I'm not sure what exactly to write about Executive Suite.  It was a well constructed film, pretty easy to follow and an interesting look at the culture's view of business in the 1950s.  Holden's characteristic cynicism is rampant throughout the process, that is right up until his final speech about saving the company and saving themselves (against a lovely stained-glass window too - should we call him St. Don?).  It's a cry against big business and manufacturing - against disrespecting the factory workers and saving their jobs, their livelihoods, their self-respect.  It reminded me in part of some of the 1930s films with respect to the rage against factory labor and bosses not caring about the "little people" who worked behind the scenes.  It's important that Don then gets the vote, because he is introduced not in on office suite, but down in the factory, working alongside the others to test a new molding process.  Don comes to represent the best intentions of the building and progress boom of the forties and fifties - build it bigger, faster, better.  Improve the world through business.  But Don is rare amongst his peers, giving us an awful feeling of encroaching corruption.  Had this movie been made in in the 1960s or later, I'm sure Don would have become president only to lose his own self-respect, to neglect his family and even worse, to become himself just as awful as the people he once hated.  It says a lot about the culture that none of this addressed, that it ends instead on a positive note.  I left the movie feeling empty, wondering how long would Don be able to hold onto his ideals of progress.  It almost broke my heart that he won; but at the end he is still the family man at heart and I hope he remained that way. 

Review and Recommendation
I liked this movie.  It's not one of my favorites and I'm not sure I'll watch it again for awhile, but it still poses some interesting questions and I think is a great piece of Hollywood history.  I recommend it for history buffs studying the 1950s and those interested in the presentation of business in American film. 

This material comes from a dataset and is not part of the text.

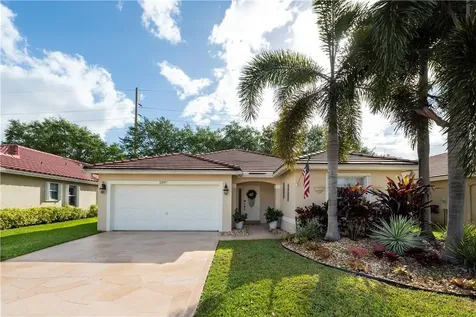 2397 NW 184th Terrace Pembroke Pines FL 33029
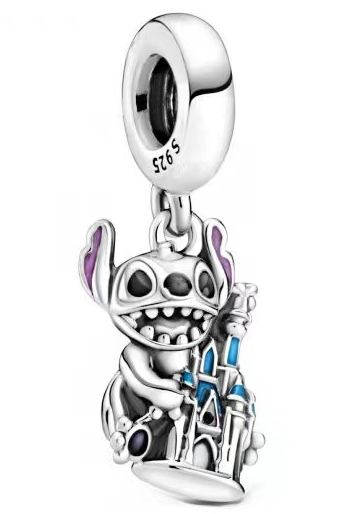 Charm colgante Disney Stitch junto al castillo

P.S. I should mention that the film lost me about halfway through with a lot of complications around Calhoun's character's work with the stock market.  He arranged for a short sell, but didn't have the stock so he was going to go broke when the stock price rose.  Anyway, I used to work for a financial publisher, and I had some trouble following at first.  Then I realized we weren't really supposed to understand - these were the tycoons talking, those who didn't care about the common people on the ground floor or in the audience.  They literally don't "speak our language".  It's a brilliant contrast to straight-shooting Holden.